I understand where your coming from, personally i don't consider myself well enough educated on the matter at this point in time to correctly advise yourself on this, as its an advanced topic i would dare say. However heres my two cents. 

This is my opinion, based on intuition. 

----------

Understanding intuition is difficult, because of the very construct & nature of reality, everything is energy and we are thus energy inhabiting a body within a sea of energy, within that energy, on the small scale, we are the gods of our own reality, however it should be known other things can affect us. 

Its a large concept to get your head around, but everything you do is hinged on a choice, a choice you make via your conscious , sub conscious or a choice forced by another persons choice etc etc, its all reaction reaction but with focused direction by our consciousness and eternal soul via our higher self. 

Which consequently, is operating on a low vibrational frequency level if your just starting out. 

So, the reason im rambling on to you about this is simple. 
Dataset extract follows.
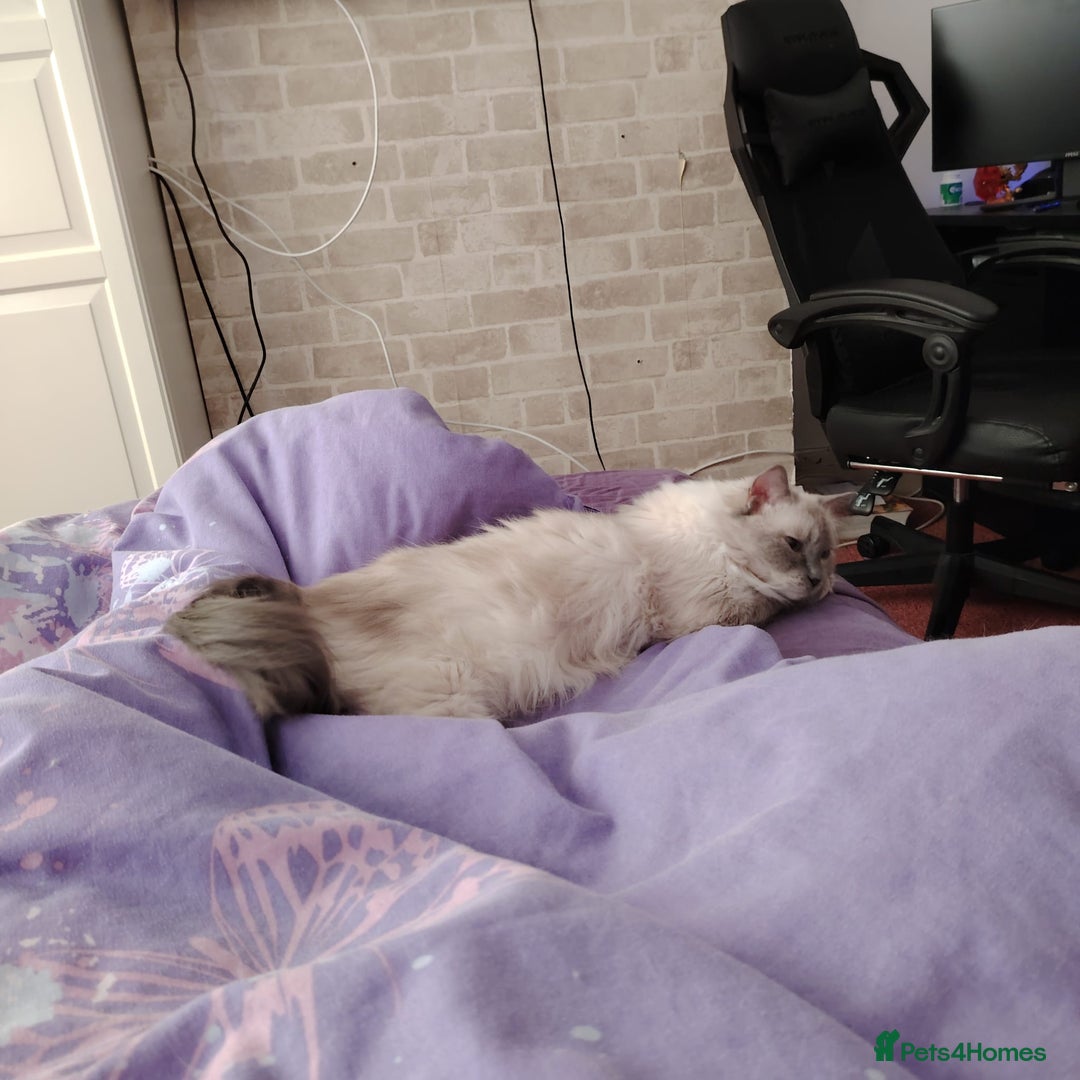 Ragdoll cats for sale: Female Ragdoll Cat - Image 5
Riddle me this, if its all choice, and its all energy, then every choice you make will mold the reality you live in.

Thus, if you had a bad feeling about something, ie going to the shop, and you detour, and end up at the shop anyway, it could have been that the higher self has interacted with your lower self and directed you to do so, because for whatever reason the reality you were about to enter was extremely detrimental.

I could actually start to go into a deeper level of this, but i dont think its necessary. 

There are a multitude of things that could have happened, never forget, 1 minute and the whole world can change, so to can your whole life change in 1 minute. 

I know your going to probably have follow up questions to what ive wrote, and i may or may not answer. 


-------------------

In a small condensed nut shell, psychic intuition, be via divination or simply "mental feelings" are extremely powerful things, this is the knowledge of your higher self, coming down into yourself, its going to take time to interperate. 

Take notes, keep a journal of your "intuition" and learn to spot consistences, then you can start to recognize feelings, because you will be able to spot in the past what was acurate and what was not, thus allowing you to better interperate inate psychic wisdom. 


I hope i helped in some way with my iratic ramblings  :Smile:

----------


## Dracophoenix

> I am having a problem on what is a real sign and what is not. For example if I wanted to go to a store and I wanted to buy something, but I forgot the store hours.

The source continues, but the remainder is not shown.